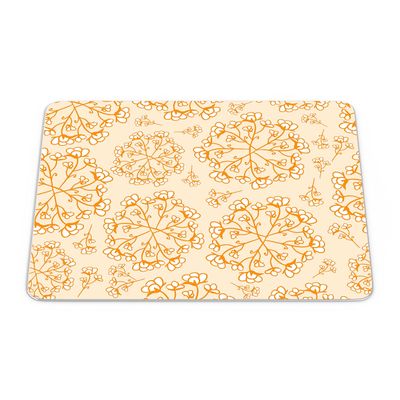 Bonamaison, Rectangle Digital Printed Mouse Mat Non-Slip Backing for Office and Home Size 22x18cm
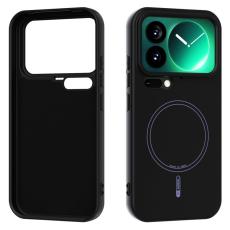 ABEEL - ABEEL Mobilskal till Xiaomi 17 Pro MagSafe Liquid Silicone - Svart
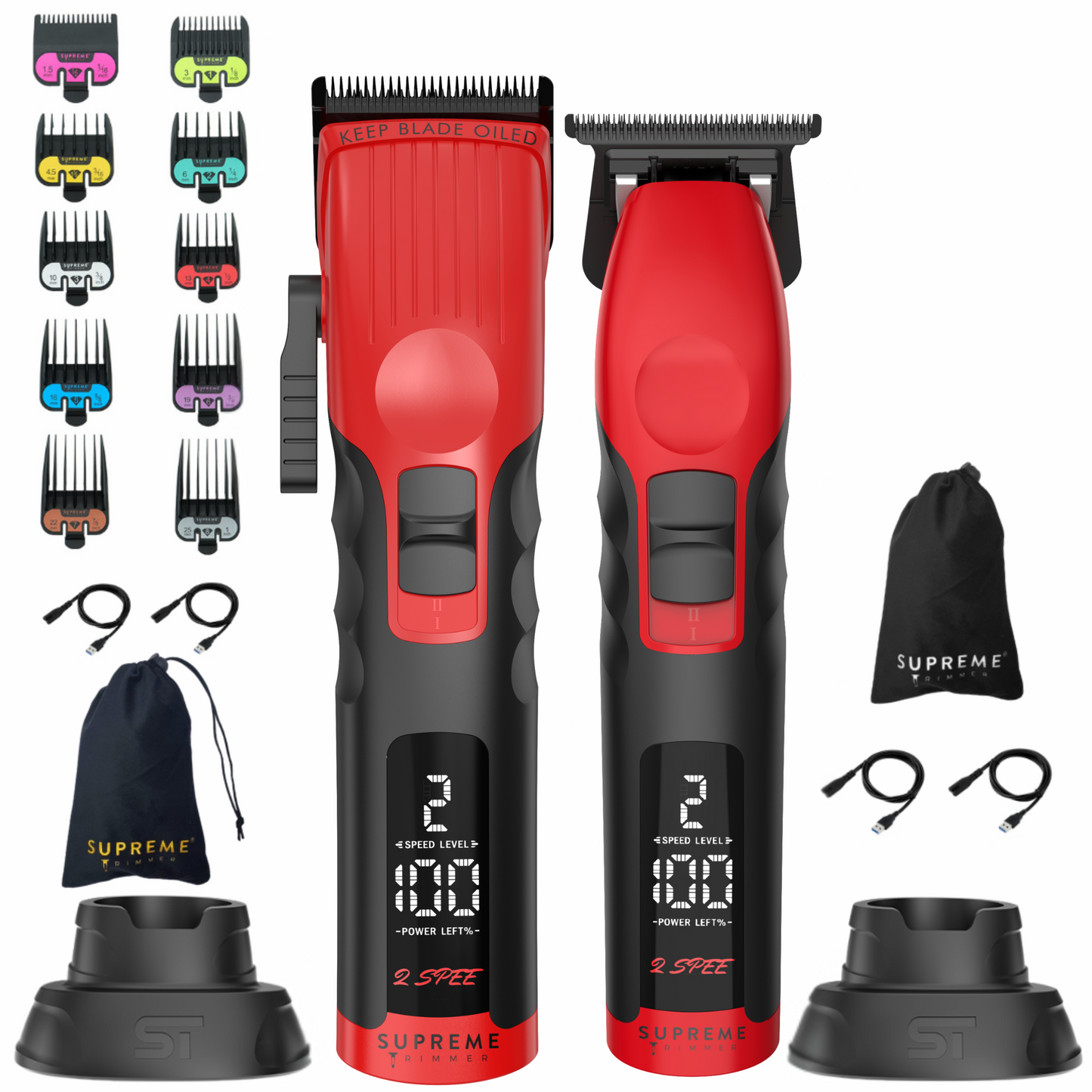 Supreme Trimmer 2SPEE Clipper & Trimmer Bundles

* * *

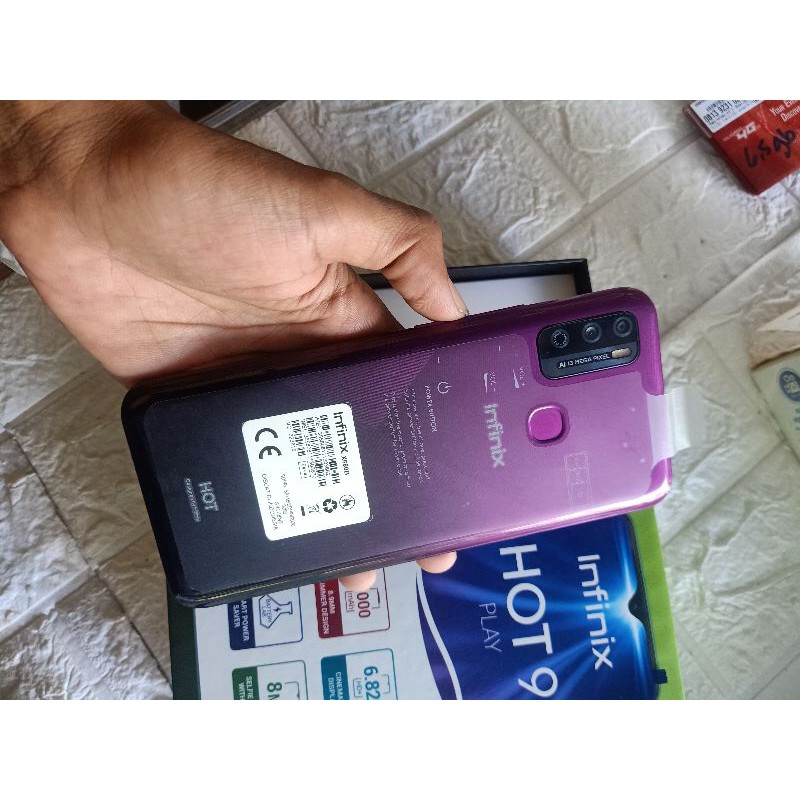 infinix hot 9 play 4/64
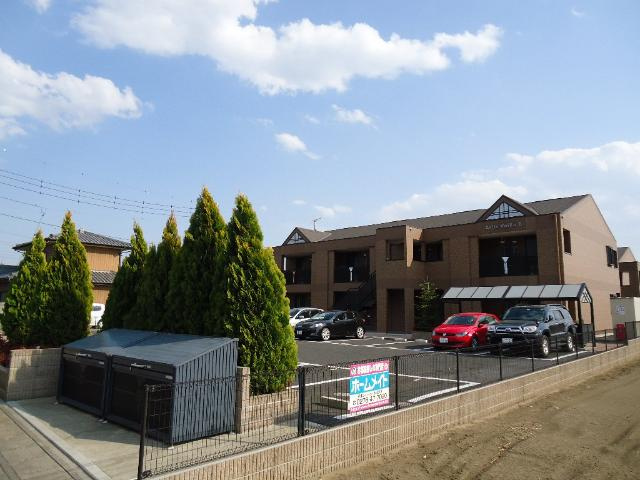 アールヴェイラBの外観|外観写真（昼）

*Directions for this task*. Reproduce, exactly and only, the lines of the records above starting at the line with "Bonamaison, Rectangle Digital" and ending at the line with "Supreme Trimmer 2SPEE", both included. Leave every picture out.

*Written solution*.
 Bonamaison, Rectangle Digital Printed Mouse Mat Non-Slip Backing for Office and Home Size 22x18cm
 ABEEL - ABEEL Mobilskal till Xiaomi 17 Pro MagSafe Liquid Silicone - Svart
 Supreme Trimmer 2SPEE Clipper & Trimmer Bundles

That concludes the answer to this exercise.